Contrairement à ce qu’on pourrait croire, les architectes du G8 ont de la suite dans les idées. Ils ont eu l’intelligence de déplacer la pression vers la Koutla et le PJD, obligés de chercher des alliances et de se rapprocher les uns des autres, ce qui peut leur faire très mal : une alliance entre les islamistes du PJD et les anciens communistes du PPS ou les socialistes de l’USFP ferait perdre à tous ces partis leurs bases et leurs jeunesses. Ce serait un suicide politique. Je ne crois pas un seul instant que les dirigeants de ces partis soient prêts à payer ce prix pour accéder, demain, au gouvernement ou rester simplement dans la course. Et, puisqu’ils ne pourront pas “payer”, ils se présenteront aux législatives en rangs dispersés et devraient logiquement les perdre. Alors qu’ils sont les favoris naturels des prochaines élections !
Tout cela a donc du sens et ce sens est très simple à définir : en plus de servir facilement de gouvernement ou d’opposition au lendemain des législatives, évitant ainsi une nouvelle crise post-électorale, le G8 est une machination anti-Koutla et anti-PJD. Le G8 est né pour tuer, passez-moi l’expression, les “emmerdeurs” (parce que récalcitrants et pas toujours malléables en phase de négociations) de la Koutla et du PJD. De là à imaginer que le G8 est de facto une idée qui a germé dans l’esprit de “notre ami du roi” Fouad Ali El Himma, il n’y a qu’un pas et beaucoup l’ont déjà franchi. Après tout, le G8 ressemble bien, dans sa genèse, au Mouvement pour tous les démocrates, ce fameux MTD qui a servi de répétition générale avant le lancement du PAM. Comme le MTD, le G8 se veut “ouvert à tous les démocrates” et prétend n’avoir “aucune finalité électorale”. Les points de similitude entre le G8 et le MTD sont si nombreux que leur énumération a quelque chose d’amusant. Même timing, même communication, même composition et même aspect d’auberge espagnole. Même avenir ?

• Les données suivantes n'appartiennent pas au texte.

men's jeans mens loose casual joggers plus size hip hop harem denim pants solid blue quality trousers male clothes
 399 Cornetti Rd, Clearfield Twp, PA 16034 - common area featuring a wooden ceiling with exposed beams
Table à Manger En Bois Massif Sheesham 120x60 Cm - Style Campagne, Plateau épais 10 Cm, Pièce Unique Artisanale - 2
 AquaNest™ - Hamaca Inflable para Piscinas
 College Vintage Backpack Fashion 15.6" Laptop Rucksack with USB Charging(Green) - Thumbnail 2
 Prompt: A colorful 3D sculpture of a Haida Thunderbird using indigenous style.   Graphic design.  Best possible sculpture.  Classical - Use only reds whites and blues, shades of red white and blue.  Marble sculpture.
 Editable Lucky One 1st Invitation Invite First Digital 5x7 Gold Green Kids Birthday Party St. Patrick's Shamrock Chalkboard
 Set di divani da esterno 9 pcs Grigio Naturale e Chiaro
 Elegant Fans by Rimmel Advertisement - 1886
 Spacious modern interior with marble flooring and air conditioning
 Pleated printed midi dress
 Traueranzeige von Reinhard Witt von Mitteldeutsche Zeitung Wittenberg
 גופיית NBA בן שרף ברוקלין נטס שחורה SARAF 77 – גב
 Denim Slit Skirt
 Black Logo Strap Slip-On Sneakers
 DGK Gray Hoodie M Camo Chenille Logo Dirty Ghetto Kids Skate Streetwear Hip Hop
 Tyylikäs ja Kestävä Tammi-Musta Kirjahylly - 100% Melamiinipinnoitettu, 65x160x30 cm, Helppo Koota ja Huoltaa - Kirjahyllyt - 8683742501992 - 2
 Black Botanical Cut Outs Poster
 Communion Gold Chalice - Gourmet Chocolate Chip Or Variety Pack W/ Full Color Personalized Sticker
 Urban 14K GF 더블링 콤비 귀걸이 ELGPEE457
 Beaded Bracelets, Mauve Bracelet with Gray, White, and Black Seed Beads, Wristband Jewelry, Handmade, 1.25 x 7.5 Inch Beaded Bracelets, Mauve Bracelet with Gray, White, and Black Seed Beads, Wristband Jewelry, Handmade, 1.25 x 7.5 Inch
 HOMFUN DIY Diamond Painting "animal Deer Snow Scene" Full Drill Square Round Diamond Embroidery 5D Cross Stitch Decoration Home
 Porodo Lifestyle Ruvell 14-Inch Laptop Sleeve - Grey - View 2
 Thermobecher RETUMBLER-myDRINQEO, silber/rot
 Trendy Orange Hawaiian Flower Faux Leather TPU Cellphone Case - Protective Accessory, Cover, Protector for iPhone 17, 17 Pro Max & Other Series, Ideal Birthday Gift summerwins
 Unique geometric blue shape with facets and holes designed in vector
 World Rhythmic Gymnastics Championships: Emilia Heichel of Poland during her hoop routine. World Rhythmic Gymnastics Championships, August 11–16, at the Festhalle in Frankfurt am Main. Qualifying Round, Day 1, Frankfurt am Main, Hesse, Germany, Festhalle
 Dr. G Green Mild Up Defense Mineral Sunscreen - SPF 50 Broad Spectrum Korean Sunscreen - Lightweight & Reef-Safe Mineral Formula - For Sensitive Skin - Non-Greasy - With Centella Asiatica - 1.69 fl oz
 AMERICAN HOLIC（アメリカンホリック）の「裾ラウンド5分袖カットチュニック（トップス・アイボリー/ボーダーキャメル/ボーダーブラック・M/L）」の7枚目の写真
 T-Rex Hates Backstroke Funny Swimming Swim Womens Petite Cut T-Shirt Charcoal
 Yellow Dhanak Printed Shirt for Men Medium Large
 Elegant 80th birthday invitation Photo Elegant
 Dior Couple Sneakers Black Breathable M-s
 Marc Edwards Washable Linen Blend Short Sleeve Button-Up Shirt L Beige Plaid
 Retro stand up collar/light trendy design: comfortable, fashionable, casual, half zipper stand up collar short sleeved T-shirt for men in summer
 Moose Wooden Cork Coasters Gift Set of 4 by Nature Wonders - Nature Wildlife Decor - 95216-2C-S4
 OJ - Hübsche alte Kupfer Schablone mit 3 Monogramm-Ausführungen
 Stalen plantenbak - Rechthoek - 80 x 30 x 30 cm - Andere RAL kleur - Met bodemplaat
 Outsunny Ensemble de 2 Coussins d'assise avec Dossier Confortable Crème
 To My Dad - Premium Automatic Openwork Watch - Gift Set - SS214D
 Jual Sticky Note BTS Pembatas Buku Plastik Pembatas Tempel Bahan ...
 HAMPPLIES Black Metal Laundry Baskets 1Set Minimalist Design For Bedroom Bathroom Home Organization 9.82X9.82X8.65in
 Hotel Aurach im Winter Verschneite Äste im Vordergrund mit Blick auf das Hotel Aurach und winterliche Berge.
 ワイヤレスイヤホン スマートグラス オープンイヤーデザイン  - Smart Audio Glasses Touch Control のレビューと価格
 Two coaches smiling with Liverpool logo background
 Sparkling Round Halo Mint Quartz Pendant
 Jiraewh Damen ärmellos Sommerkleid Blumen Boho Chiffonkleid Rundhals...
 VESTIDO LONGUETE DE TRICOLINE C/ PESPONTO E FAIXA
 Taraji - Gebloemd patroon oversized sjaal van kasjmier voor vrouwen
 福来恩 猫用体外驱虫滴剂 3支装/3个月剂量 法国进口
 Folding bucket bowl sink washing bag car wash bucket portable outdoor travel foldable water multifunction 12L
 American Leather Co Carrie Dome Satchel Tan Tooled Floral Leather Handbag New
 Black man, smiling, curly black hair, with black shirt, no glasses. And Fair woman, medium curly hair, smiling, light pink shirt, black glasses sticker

La paternité réelle ou supposée d’El Himma importe peu, me dira-t-on. Tout à fait. Ce qui compte, c’est le résultat. Mais de quel résultat parlons-nous ? En d’autres termes, quel est le plus important ? Je vous invite à réfléchir à cette question…
Je crois pour ma part que, bien au-delà des calculs politiques (dont le plus important consiste à barrer la route aux islamistes du PJD), et en plus des risques incalculables auxquels ils ouvrent la voie (que se passerait-il si, demain, un PJD ou un parti de la Koutla décidaient de boycotter les élections ?), les architectes du G8 ont oublié un détail : les électeurs, c’est-à-dire les Marocains. Est-ce que l’idée d’un G8 qui “marie” de vieux syndicalistes, des gauchistes, des écologistes et un Zemzmi (je rappelle que l’auteur de quelques- unes des fatwas les plus rétrogrades de ces dernières années est un député PRV, membre du G8) est de nature à renforcer la crédibilité de la politique, de la démocratie et des élections ? Prétendre que oui revient à insulter l’intelligence des Marocains.